I checked my amps this morning, it starts off cold at 2.8 amps on 3/4 charged d's (nimh) and after about 30 seconds the amps start to climb... I shut it down at 3.2 amps. So more mass/less mass across the diameter does not have anything to do with wicking heat away from the led?:shrug:


----------



## Tim Carleton (Dec 12, 2008)

well I unsoldered the leads from the led, put it back into the lathe and trimmed some more off of the rear under the led, it definitely helped, It's not overheating now, so I answered my own question and I hope this helps someone else who is thinking more mass is necessarily better on a heat sink.


----------



## Oznog (Dec 12, 2008)

Thermal mass is of little use. I mean if you had an 8oz block of aluminum inside the flashlight with no way to get the heat out, it would take awhile to heat up but it'll still be hot. Well in theory if you had a block so huge it wouldn't heat up before the batteries ran down that would help, except no practical size of aluminum has a mass that would resist heating up for more than a few minutes when heated with 1W-5W. 

Aluminum must be thick enough to conduct heat to the fins/case external cooling surfaces with minimal resistance. While the calcs are complicated, conducting heat over short distances with 1/16" thick aluminum is probably more than adequate. The edge of the sink has to make good contact with the case and that requires a thicker edge to increase contact surface. The center may require screw mounts and that requires a certain thickness to hold the threads and not distort under the pressure of the screws.

Copper is a superior material, nearly twice the thermal conductivity of aluminum. It's softer and somewhat more limited in minimal thickness due to mechanical stiffness. It's solderable which is really excellent for some emitters. 

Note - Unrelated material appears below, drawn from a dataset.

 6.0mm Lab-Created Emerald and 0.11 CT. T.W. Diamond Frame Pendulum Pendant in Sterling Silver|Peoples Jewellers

Anyhow most flashlight designs have no problem getting the needed thickness and trying to shave the sink just slightly thinner may have no practical benefit, since it might only gain a mm for all the trouble and questions.


----------



## Tim Carleton (Dec 12, 2008)

Thanks for the thoughts Oz.. this was my first trouble with making heatsinks, and I admit I've been making them progressively heavier, but the tolerance to the case in all have been very snug, they will push in snugly, yet come out by wedging a knife blade on the lip and prying upwards. I use very little thermal grease as most of it pushes out the top and to the bottom of the sink anyways.


----------